Crawled caption data
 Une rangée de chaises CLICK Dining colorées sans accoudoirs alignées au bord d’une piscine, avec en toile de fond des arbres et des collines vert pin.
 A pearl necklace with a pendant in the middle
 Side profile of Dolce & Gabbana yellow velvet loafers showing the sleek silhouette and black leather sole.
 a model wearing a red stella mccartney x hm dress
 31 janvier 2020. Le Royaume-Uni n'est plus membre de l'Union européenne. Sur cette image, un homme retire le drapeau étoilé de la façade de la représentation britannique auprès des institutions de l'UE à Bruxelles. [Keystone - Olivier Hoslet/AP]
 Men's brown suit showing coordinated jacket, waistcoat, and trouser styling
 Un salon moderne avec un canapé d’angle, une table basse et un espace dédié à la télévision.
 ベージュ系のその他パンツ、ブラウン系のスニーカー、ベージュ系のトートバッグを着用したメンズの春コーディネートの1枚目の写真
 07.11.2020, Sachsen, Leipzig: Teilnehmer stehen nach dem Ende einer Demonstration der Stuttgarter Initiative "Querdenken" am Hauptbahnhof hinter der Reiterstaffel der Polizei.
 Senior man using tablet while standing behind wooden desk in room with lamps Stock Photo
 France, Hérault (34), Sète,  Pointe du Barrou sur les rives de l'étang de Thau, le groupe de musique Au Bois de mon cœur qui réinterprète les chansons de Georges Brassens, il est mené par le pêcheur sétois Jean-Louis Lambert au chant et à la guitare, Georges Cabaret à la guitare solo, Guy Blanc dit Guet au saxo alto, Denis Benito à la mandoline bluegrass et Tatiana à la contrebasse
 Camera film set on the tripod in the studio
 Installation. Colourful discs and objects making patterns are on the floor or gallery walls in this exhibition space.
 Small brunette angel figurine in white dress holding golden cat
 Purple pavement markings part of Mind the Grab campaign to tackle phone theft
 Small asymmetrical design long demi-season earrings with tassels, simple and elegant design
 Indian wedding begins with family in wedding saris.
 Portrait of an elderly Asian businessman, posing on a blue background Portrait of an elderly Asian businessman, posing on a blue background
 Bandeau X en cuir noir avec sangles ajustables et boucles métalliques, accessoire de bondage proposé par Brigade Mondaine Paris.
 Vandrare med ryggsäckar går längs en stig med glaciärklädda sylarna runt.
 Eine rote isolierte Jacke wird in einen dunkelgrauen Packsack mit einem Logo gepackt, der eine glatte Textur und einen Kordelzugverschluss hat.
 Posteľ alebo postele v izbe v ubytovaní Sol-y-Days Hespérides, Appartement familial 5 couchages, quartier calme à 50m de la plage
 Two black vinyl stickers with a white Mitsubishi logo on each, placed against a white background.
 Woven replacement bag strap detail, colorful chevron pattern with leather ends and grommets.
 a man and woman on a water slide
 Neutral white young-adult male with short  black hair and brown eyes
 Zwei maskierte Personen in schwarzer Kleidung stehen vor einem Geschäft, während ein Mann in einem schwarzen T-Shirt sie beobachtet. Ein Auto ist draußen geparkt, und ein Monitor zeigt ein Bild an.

- **Directions**: In the records, locate each line holding the string "Small" and copy it.

- **Written answer**:
 Small brunette angel figurine in white dress holding golden cat
 Small asymmetrical design long demi-season earrings with tassels, simple and elegant design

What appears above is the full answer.